Le scénario était cousu de fil blanc ! Franck Juillard, avec qui j’avais entretenu d’excellentes relations, n’avait pas trouvé de meilleur mentor que moi pour son rejeton ! Et pour éviter d’essuyer un refus de ma part, il avait omis de m’en parler auparavant, le vieux brigand ! Je savais que ce gamin allait me créer des cheveux blancs, d’autant plus qu’il s’était mis en tête que Sarah éprouvait un béguin pour lui. Alors que, connaissant assez bien ma fille, je savais parfaitement qu’elle allait le faire tourner en bourrique et le mener par le bout du nez. D’un autre côté, je le trouvais attachant, surtout face à moi. Il avait entamé une relation de confiance que ne lui avait jamais, à coup sûr, consentie son père, aujourd’hui installé à un haut poste de l’état-major de la police nationale, sous les lambris dorés de la République.

Devant les filles, il jouait les fanfarons, utilisait les armes qu’il possédait, l’humour et la dérision de lui-même. Un artifice qui ne ferait pas long feu, surtout avec Sarah qui se lasserait vite, à coup sûr, des sottises de son collègue immature. S’il savait se montrer sans fard en toute circonstance, je me piquai de le former au métier, même si la partie n’était pas gagnée d’avance. Les plus belles victoires ne sont-elles pas les plus inespérées ?

Face à Radia, il se montra respectueux et poli, car il savait aussi utiliser un autre vocabulaire que celui des banlieues. Il avoua appréhender le terrain et craindre les bavures. Notre patronne lui conseilla de rester dans mon sillage, jusqu’à ce qu’il se sente assez solide pour prendre des initiatives, si nécessaire. Elle me suggéra dans la foulée de familiariser ma recrue avec la ville et la région, pour qu’il prenne des repères. Et de le préserver de certains écueils, du style : se trouver piégé dans un bar où des clients vous saoulent volontairement pour rire ensuite devant votre état d’ébriété. Un sort affreux qu’avait connu Radia, dans sa première semaine mouvementée, sans conséquences trop graves pour la suite de sa carrière, par chance.

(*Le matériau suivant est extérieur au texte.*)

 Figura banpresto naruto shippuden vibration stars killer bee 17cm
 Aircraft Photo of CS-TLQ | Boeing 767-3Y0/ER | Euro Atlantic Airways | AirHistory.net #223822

Il était l’heure de rallier Le Colibri pour le déjeuner. Jean-Luc, le patron, tenta vainement de faire sourire Rose-Marie dont il disait à tous ses clients qu’elle était son colibri des îles et que s’il avait appelé ainsi son troquet, c’était parce qu’il savait qu’elle y logerait un jour ! Car RMC possédait une chambre à l’étage, qu’elle louait à l’année. Comme Sarah, quelques mois plus tôt encore, avant que nous ne fassions tous deux maison commune. D’ailleurs, lorsque je m’inquiétai de savoir si Blaise avait songé à son coucher, il haussa les épaules, imaginant que le lit était compris dans le contrat de travail. Aussitôt, Jean-Luc lui proposa la chambre laissée libre par Sarah, si cela ne dérangeait pas Rose-Marie.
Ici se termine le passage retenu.